Remaining is with embodiment 1, and which is not described herein again.
Embodiment 16
The preparation of the present embodiment porous silicon-carbon cathode material unlike the first embodiment:
(1) SiO of certain mass is weighed by the mass ratio of the material 1.1:12Powder and metal iron powder end, are added in ball grinder
Ball milling 4h, is warming up to 1000 DEG C in a nitrogen atmosphere with the heating rate of 10 DEG C/min, and heat preservation heat treatment 10h is naturally cooled to
Room temperature generates SiOx(x ≈ 1) and Fe2O3The product is obtained D through broken classification than the mix products for being about 1:1 by molecular weight50Place
In 3~7 μm of SiOx(x ≈ 1) and Fe2O3Compound particles;
(2) compound concentration is the hydrochloric acid of 1mol/L, by SiOxAnd Fe2O3Compound particles, which are placed in hydrochloric acid, to react, filtering,
And it is primary to repeat the acid pickling step again, removes Fe2O3Impurity obtains porous SiOx;By the porous SiO after picklingxIt is placed in
In ionized water, it is cleaned by ultrasonic 10min, filtering, and repeat the step 3~5 time again;By the porous SiO after washingxIt is put into vacuum
85 DEG C of vacuum drying 2h in drying box obtain the porous SiO that the porosity of free from admixture no moisture is 80%x;
It (3) the use of dispersing agent PVP 30 is in mass ratio that 10:8:1 is configured to by carbon nanotube, graphene, conductive black
Even conductive agent solution;
(4) the porous SiO for obtaining step (2)xIt is added in conduction agent solution made from step (3), wherein SiOxWith conduction
The component ratio of agent is 10:1, stirs 2.5h under the mixing speed of 1000r/min, is uniformly mixed it, is put into vacuum oven
In 150 DEG C of vacuum drying 1h remove solvents, obtain the porous SiO of surface coated with conductive agentxParticle;
(5) by the porous SiO of coated with conductive agent prepared by coal tar asphalt and step (4)xParticle is 1:1 in mass ratio
Ratio mixing, ball milling merges 3h, is heated to 260 DEG C of completion cladding under an inert atmosphere, be continuously heating to 550 DEG C and complete tentatively
Carbonization, then 1100 DEG C of high temperature cabonization 20h are warming up to, obtain the porous silicon carbon material of three-decker;
(6) the porous silicon carbon material of step (5) preparation and carbonaceous mesophase spherules are pressed into constituent mass than for 30%:70%'s
Ratio mixing, low speed ball milling 4h is uniformly mixed it to get porous silicon-carbon cathode material is arrived in ball grinder.
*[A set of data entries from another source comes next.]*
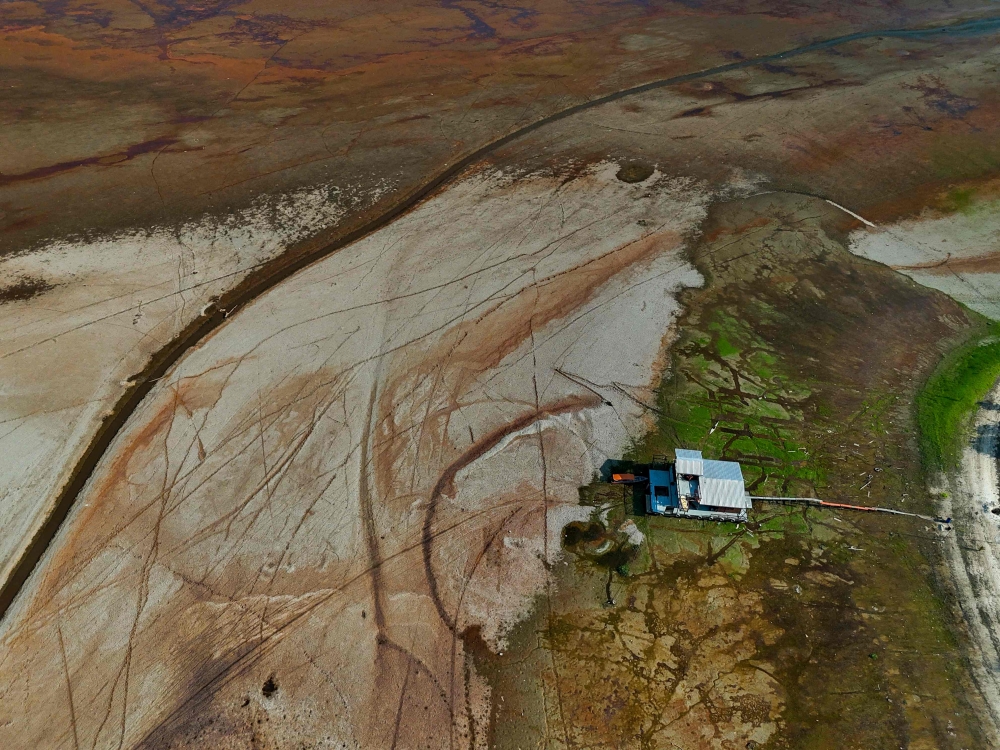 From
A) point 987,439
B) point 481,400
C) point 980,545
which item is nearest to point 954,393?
point 987,439

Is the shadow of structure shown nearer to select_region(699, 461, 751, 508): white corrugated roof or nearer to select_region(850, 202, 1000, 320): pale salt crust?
select_region(850, 202, 1000, 320): pale salt crust

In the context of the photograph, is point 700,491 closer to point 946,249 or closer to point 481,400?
point 481,400

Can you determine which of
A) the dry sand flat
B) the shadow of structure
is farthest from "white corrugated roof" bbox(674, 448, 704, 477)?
the shadow of structure

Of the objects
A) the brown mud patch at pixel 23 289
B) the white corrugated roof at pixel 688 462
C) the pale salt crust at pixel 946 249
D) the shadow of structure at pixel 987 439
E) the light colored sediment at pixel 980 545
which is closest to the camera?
the light colored sediment at pixel 980 545

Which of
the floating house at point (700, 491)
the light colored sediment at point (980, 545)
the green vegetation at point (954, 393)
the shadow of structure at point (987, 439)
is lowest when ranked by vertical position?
the light colored sediment at point (980, 545)

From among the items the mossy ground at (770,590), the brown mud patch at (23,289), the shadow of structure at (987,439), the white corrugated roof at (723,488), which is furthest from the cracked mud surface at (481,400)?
the shadow of structure at (987,439)

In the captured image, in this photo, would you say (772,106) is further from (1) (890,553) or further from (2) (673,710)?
(2) (673,710)

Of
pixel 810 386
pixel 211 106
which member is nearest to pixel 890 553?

Remaining is with embodiment 1, and which is not described herein again.
Embodiment 17
The preparation of the present embodiment porous silicon-carbon cathode material unlike the first embodiment:
(1) SiO of certain mass is weighed by the mass ratio of the material 1.1:12Powder and metal Mg powder, are added in ball grinder
Ball milling 4h is warming up to 1000 DEG C in a nitrogen atmosphere with the heating rate of 10 DEG C/min, and heat preservation heat treatment for 24 hours, naturally cools to
Room temperature generates SiOxThe product is obtained D through broken classification than the mix products for being about 1:1 by (x ≈ 1) and MgO molecular weight50Place
In 3~7 μm of SiOx(x ≈ 1) and MgO compound particles;
(2) compound concentration is the hydrochloric acid of 1mol/L, by SiOxIt is placed in hydrochloric acid and reacts with MgO compound particles, filter, and
It is primary that the acid pickling step is repeated again, is removed MgO impurity and is obtained porous SiOx;By the porous SiO after picklingxIt is placed in deionization
In water, it is cleaned by ultrasonic 10min, filtering, and repeat the step 3~5 time again;By the porous SiO after washingxIt is put into vacuum drying
85 DEG C of vacuum drying 2h in case obtain the porous SiO that the porosity of free from admixture no moisture is 60%x;
It (3) the use of dispersing agent PVP 30 is in mass ratio that 5:5:1 is configured to by carbon nanotube, graphene, conductive black
Even conductive agent solution;
(4) the porous SiO for obtaining step (2)xIt is added in conduction agent solution made from step (3), wherein SiOxWith conduction
The component ratio of agent is 10:1, stirs 2.5h under the mixing speed of 1000r/min, is uniformly mixed it, is put into vacuum oven
In 150 DEG C of vacuum drying 1h remove solvents, obtain the porous SiO of surface coated with conductive agentxParticle;
(5) by the porous SiO of coated with conductive agent prepared by coal tar asphalt and step (4)xParticle is 1:1 in mass ratio
Ratio mixing, ball milling merges 3h, is heated to 260 DEG C of completion cladding under an inert atmosphere, be continuously heating to 600 DEG C and complete tentatively
Carbonization, then it is warming up to 1000 DEG C of high temperature cabonizations for 24 hours, obtain the porous silicon carbon material of three-decker;
(6) the porous silicon carbon material of step (5) preparation and carbonaceous mesophase spherules are pressed into constituent mass than for 30%:70%'s
Ratio mixing, low speed ball milling 4h is uniformly mixed it to get porous silicon-carbon cathode material is arrived in ball grinder.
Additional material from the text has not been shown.